- _PROBLEM TO WORK ON_
Only one stretch of the data below is wanted: the lines from the one with "Portrait of American" through the one with "lot 21 image: 1887 S Morgan Silver Dollar", repeated exactly.

- _TASK INPUTS_
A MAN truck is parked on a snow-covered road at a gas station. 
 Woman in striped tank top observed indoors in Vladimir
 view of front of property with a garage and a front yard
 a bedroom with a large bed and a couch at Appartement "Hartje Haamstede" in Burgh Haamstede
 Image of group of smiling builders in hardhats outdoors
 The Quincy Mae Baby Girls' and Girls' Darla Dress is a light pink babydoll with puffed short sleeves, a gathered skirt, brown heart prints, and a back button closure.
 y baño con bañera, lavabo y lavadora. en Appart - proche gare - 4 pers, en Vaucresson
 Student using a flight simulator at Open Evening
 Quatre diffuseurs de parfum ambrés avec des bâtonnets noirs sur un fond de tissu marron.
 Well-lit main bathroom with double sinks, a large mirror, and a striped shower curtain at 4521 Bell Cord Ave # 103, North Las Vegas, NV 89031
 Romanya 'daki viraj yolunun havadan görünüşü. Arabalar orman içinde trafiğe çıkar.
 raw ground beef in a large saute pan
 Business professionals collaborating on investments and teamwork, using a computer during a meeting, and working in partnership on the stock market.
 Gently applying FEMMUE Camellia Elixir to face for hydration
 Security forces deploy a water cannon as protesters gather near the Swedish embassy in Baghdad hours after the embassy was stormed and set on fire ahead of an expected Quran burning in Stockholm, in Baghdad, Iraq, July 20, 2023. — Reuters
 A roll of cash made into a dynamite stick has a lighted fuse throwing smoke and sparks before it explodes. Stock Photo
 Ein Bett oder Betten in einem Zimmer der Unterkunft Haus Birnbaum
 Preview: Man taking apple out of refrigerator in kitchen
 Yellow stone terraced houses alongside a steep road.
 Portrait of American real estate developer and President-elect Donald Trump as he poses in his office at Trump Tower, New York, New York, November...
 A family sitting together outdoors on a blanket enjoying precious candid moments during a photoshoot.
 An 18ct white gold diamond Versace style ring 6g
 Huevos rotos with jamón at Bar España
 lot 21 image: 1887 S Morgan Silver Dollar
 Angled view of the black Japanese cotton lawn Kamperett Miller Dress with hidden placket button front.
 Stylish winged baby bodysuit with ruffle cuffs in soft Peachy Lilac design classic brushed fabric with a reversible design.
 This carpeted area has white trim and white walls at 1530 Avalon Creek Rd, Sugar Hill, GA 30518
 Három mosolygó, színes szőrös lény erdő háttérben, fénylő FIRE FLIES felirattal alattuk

- _RESPONSE BOX_
 Portrait of American real estate developer and President-elect Donald Trump as he poses in his office at Trump Tower, New York, New York, November...
 A family sitting together outdoors on a blanket enjoying precious candid moments during a photoshoot.
 An 18ct white gold diamond Versace style ring 6g
 Huevos rotos with jamón at Bar España
 lot 21 image: 1887 S Morgan Silver Dollar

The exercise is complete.